# Neuen Account einrichten mit Steam..Problem



## Xnar (4. Januar 2012)

Hallo zusammen,

ich habe ein Problem, mit dem ich auch nach einigen Recherche Versuchen einfach nicht weiterkommen. Deswegen versuche ich einfach mal hier einen Hinweis darauf zu bekommen, was ich (offensichtllich) wohl falsch mache.

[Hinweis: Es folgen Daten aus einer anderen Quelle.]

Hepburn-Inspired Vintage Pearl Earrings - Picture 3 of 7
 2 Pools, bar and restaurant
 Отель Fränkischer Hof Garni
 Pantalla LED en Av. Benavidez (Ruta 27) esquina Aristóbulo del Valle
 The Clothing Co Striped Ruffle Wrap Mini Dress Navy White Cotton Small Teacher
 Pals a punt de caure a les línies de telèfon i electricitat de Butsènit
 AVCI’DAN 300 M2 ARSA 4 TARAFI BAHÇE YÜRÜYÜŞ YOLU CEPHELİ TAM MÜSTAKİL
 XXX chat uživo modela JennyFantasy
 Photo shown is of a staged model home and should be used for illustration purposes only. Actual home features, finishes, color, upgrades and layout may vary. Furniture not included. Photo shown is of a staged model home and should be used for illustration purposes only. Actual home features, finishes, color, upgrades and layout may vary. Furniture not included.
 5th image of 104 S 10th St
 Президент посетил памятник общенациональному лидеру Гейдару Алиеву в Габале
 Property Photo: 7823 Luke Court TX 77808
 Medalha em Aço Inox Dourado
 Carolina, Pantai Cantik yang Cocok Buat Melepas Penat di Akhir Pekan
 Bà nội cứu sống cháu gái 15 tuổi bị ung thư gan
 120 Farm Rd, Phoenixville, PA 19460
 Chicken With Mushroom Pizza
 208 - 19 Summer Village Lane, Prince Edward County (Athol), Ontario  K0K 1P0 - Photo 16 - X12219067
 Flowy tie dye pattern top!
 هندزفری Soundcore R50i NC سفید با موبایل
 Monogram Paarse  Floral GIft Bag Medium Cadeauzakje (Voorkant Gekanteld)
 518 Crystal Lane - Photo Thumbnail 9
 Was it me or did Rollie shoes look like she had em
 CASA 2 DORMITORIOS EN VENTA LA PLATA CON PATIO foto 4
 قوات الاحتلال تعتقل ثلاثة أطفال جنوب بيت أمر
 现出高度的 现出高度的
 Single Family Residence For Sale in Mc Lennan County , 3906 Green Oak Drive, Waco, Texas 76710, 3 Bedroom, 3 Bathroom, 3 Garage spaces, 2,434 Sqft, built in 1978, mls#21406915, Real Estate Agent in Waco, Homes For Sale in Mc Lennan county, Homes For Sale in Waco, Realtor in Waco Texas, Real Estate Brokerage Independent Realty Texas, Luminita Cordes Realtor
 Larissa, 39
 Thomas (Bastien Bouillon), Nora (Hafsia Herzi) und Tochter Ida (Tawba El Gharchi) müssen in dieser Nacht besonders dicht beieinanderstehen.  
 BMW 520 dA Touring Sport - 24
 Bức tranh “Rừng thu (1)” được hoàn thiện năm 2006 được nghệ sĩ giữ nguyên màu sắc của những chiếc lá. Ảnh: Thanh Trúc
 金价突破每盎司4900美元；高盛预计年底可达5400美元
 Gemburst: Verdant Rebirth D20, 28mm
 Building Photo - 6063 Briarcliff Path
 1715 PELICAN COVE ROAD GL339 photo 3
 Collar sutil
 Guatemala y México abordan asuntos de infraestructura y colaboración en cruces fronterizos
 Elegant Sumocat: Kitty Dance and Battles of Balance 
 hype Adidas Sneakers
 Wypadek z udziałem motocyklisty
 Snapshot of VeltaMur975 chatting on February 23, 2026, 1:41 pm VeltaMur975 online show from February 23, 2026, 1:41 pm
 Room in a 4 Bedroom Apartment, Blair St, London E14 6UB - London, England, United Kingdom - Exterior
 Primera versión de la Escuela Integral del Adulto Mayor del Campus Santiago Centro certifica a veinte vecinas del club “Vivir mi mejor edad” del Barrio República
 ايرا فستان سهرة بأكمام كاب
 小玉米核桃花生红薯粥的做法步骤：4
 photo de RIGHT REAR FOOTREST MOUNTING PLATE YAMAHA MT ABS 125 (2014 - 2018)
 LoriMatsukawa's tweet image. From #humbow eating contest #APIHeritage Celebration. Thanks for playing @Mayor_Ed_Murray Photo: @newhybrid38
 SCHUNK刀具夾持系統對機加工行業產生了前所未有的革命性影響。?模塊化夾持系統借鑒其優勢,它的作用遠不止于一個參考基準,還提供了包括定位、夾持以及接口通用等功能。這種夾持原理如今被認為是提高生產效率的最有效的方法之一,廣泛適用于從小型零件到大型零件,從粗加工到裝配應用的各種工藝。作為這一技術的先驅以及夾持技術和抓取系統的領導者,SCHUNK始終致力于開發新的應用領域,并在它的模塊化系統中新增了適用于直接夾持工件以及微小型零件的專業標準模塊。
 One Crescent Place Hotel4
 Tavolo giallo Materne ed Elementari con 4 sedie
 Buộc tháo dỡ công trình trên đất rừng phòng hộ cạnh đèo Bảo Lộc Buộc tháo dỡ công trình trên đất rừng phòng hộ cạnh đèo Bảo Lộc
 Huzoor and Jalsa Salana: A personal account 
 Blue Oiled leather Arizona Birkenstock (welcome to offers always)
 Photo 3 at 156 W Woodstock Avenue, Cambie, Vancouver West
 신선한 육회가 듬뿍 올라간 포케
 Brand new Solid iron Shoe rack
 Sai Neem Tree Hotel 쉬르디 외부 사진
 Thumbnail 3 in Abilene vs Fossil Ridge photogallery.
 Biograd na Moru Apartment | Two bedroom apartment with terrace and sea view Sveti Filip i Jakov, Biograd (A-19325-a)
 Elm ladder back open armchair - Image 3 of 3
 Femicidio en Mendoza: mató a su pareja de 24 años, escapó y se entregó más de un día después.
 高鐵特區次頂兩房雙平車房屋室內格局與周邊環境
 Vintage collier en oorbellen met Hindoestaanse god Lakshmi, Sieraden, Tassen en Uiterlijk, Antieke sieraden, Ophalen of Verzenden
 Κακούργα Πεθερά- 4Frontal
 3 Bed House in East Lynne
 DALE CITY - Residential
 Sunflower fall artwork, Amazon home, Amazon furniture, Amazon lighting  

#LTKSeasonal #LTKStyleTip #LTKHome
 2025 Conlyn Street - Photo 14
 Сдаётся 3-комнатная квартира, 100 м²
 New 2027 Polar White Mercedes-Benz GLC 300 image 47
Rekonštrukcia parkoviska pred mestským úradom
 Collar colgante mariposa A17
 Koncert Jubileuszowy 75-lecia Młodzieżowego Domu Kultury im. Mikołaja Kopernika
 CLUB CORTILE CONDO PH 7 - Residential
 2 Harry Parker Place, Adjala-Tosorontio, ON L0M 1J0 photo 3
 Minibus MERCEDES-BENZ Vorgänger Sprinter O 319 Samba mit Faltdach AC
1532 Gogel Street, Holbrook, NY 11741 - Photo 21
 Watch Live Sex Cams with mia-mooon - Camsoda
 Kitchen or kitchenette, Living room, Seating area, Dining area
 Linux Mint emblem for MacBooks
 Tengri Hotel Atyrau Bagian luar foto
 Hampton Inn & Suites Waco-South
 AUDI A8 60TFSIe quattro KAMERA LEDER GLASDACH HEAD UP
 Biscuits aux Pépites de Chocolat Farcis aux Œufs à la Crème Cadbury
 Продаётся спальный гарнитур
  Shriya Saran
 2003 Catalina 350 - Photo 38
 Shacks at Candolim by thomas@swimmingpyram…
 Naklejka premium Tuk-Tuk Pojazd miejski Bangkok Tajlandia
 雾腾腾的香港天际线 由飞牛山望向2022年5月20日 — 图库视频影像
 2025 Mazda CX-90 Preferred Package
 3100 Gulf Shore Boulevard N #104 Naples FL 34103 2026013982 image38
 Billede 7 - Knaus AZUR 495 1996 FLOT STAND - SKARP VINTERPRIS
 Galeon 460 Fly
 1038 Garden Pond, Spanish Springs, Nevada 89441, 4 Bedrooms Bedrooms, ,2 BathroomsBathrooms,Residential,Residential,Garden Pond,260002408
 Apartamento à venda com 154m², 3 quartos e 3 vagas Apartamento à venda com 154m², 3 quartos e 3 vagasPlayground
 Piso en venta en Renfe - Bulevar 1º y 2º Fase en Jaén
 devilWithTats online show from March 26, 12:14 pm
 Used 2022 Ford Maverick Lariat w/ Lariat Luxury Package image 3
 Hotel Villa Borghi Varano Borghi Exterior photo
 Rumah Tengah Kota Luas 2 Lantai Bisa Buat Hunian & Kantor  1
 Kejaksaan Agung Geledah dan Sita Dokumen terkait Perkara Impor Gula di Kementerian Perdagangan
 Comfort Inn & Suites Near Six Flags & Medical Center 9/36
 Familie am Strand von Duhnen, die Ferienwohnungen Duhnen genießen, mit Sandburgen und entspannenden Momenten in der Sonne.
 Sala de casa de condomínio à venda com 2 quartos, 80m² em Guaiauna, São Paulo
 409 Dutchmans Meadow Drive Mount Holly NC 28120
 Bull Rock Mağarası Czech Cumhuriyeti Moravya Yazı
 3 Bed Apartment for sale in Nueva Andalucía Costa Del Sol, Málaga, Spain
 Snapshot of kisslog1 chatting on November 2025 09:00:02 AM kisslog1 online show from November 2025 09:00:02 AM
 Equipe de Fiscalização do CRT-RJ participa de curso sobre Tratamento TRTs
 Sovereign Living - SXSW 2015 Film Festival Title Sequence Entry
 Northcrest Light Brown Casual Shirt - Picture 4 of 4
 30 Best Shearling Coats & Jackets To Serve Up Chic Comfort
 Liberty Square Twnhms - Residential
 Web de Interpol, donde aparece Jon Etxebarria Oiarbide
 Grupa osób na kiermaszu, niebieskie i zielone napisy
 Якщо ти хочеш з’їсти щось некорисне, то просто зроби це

Normalerweise bin ich nur moderat dämlich aber in diesem Fall scheine ich doch nachhaltig auf dem Schlauch zu stehen...

ich beschreibe mal mein Problem:

1. Ich habe Eve Online über Steam gekauft
2. download klappte, das Spiel wird bei Steam unter den Spielen aufgeführt.
3. Teil des setups ist es, dass man direkt von steam zur Accountmanagementseite verlinkt wird, um den Code des gekauften Spieles
a) entweder einem neuen Account zuzuordnen oder
b) einem bereits bestehenden Account zuzuweisen.

Ich (nachdem ich ich eve noch nie gespielt habe) wähle natürlich 3a) und gebe die notwendigen Daten ein. Am Ende drücke ich "ok" und irgendwie lande ich wieder
bei 3.
Es kommt also keine Meldung (weder Fehler noch Bestätigung, dass es geklappt hat). 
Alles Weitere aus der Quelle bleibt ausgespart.